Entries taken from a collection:
══════
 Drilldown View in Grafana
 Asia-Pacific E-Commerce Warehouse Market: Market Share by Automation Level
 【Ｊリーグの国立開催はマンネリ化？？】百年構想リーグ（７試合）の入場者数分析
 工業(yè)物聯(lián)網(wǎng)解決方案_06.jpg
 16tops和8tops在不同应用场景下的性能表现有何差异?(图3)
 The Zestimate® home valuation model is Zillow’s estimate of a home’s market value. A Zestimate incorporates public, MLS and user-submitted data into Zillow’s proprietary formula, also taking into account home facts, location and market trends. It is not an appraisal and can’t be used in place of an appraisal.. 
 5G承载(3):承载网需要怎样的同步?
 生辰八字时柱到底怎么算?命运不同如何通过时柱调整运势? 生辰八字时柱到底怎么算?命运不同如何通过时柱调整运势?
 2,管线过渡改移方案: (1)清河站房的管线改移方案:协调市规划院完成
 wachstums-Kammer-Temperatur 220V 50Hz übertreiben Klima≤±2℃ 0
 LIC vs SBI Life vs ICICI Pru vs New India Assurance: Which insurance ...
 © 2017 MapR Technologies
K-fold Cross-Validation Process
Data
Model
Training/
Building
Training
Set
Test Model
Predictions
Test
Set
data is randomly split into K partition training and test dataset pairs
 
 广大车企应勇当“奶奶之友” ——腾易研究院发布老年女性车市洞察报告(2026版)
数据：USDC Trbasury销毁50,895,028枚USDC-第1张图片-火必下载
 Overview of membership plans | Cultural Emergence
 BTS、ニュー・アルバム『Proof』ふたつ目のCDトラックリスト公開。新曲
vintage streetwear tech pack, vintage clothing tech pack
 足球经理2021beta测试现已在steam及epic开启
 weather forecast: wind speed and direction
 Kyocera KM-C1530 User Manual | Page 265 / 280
══════
What to work on »
Give back exactly the lines above, from the line containing "2,管线过渡改移方案: (1)清河站房的管线改移方案:协调市规划院完成" through the line containing "BTS、ニュー・アルバム『Proof』ふたつ目のCDトラックリスト公開。新曲", with both end lines and nothing more.

Written response »
 2,管线过渡改移方案: (1)清河站房的管线改移方案:协调市规划院完成
 wachstums-Kammer-Temperatur 220V 50Hz übertreiben Klima≤±2℃ 0
 LIC vs SBI Life vs ICICI Pru vs New India Assurance: Which insurance ...
 © 2017 MapR Technologies
K-fold Cross-Validation Process
Data
Model
Training/
Building
Training
Set
Test Model
Predictions
Test
Set
data is randomly split into K partition training and test dataset pairs
 
 广大车企应勇当“奶奶之友” ——腾易研究院发布老年女性车市洞察报告(2026版)
数据：USDC Trbasury销毁50,895,028枚USDC-第1张图片-火必下载
 Overview of membership plans | Cultural Emergence
 BTS、ニュー・アルバム『Proof』ふたつ目のCDトラックリスト公開。新曲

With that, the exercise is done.